Your goal = What's needed is the listing below, repeated word for word with no pictures.

Collected material =
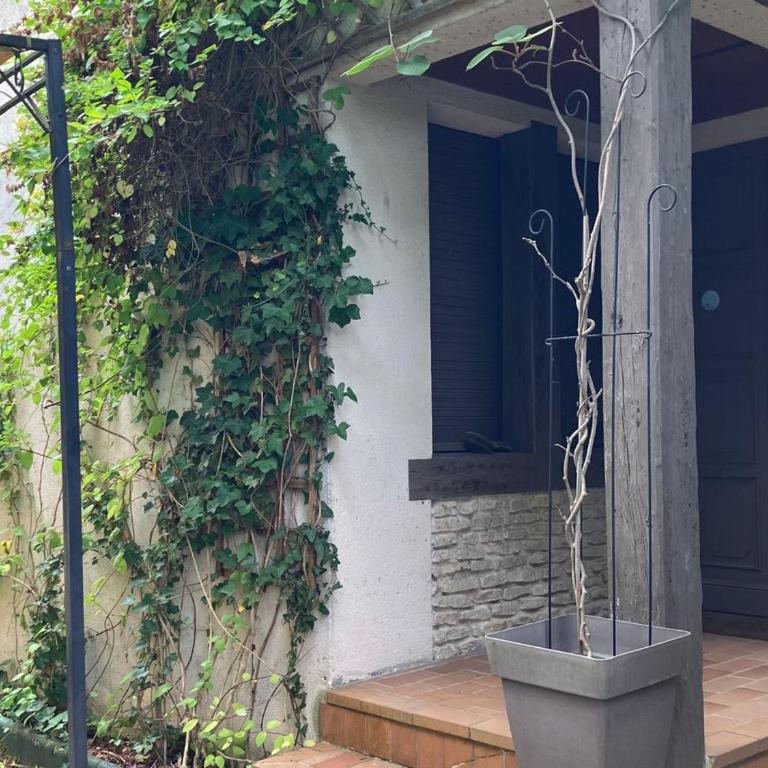 Maison spacieuse entre mer et campagne avec terrasse et jardin à Villers-sur-Mer - FR-1-712-91 - Casa - 9
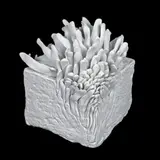 Daniela Fainis, Mister V, 2019, porțelan de Limoges modelat manual, temperatura de ardere 1260°C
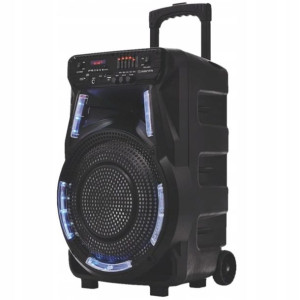 MANTA Głośnik karaoke z mikrofonem Power Audio SPK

Written solution =
 Maison spacieuse entre mer et campagne avec terrasse et jardin à Villers-sur-Mer - FR-1-712-91 - Casa - 9
 Daniela Fainis, Mister V, 2019, porțelan de Limoges modelat manual, temperatura de ardere 1260°C
 MANTA Głośnik karaoke z mikrofonem Power Audio SPK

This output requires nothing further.